» WHAT IS BEING ASKED: The lines below starting at the line containing "194 - Seven" and ending at the line containing "Veiga marca de" are to be repeated exactly, with both ends kept and nothing else added.

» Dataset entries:
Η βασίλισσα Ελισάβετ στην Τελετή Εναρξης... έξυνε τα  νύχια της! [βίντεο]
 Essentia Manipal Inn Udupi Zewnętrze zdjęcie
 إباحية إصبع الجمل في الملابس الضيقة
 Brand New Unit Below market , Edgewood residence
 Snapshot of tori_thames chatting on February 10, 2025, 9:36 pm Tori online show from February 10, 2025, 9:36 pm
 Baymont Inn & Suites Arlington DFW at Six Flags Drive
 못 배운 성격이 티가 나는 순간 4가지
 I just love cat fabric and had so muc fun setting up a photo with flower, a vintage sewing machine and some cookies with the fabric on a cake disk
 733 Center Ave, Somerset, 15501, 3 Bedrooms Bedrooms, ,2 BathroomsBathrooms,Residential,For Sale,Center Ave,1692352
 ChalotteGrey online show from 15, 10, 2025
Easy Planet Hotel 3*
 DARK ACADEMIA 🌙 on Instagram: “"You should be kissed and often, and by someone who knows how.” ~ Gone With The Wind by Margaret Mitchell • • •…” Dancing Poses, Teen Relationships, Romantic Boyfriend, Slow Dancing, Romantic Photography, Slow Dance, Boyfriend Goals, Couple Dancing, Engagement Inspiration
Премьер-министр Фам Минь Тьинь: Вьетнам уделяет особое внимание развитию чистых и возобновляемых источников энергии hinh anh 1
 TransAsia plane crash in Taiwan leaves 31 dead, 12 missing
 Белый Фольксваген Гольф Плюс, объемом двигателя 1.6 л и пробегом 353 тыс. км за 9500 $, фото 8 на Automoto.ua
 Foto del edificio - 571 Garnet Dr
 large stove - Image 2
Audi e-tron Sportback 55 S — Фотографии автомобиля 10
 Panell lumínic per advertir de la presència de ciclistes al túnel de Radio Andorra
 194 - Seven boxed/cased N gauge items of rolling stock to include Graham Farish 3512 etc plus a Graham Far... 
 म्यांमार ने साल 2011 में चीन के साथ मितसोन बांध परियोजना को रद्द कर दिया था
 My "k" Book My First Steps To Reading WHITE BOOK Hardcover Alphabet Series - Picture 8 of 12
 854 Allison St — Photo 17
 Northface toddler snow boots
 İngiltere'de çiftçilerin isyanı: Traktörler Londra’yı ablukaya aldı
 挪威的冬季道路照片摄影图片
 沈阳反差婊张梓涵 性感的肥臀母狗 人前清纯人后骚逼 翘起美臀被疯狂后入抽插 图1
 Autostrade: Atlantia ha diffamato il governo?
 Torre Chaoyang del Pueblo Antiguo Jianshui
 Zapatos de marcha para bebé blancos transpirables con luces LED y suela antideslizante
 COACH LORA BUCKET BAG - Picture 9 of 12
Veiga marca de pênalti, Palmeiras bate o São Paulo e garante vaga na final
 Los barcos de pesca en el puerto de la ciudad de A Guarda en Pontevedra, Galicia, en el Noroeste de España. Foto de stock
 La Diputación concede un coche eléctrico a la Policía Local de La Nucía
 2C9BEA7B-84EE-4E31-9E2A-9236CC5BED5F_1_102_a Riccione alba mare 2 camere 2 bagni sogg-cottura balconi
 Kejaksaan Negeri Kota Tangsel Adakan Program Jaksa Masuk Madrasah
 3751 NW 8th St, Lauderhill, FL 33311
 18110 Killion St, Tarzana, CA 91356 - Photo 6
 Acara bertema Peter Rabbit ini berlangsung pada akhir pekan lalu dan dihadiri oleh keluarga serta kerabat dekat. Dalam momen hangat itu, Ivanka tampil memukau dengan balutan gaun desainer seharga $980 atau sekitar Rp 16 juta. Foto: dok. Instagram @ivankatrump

» PROBLEM SOLUTION:
 194 - Seven boxed/cased N gauge items of rolling stock to include Graham Farish 3512 etc plus a Graham Far... 
 म्यांमार ने साल 2011 में चीन के साथ मितसोन बांध परियोजना को रद्द कर दिया था
 My "k" Book My First Steps To Reading WHITE BOOK Hardcover Alphabet Series - Picture 8 of 12
 854 Allison St — Photo 17
 Northface toddler snow boots
 İngiltere'de çiftçilerin isyanı: Traktörler Londra’yı ablukaya aldı
 挪威的冬季道路照片摄影图片
 沈阳反差婊张梓涵 性感的肥臀母狗 人前清纯人后骚逼 翘起美臀被疯狂后入抽插 图1
 Autostrade: Atlantia ha diffamato il governo?
 Torre Chaoyang del Pueblo Antiguo Jianshui
 Zapatos de marcha para bebé blancos transpirables con luces LED y suela antideslizante
 COACH LORA BUCKET BAG - Picture 9 of 12
Veiga marca de pênalti, Palmeiras bate o São Paulo e garante vaga na final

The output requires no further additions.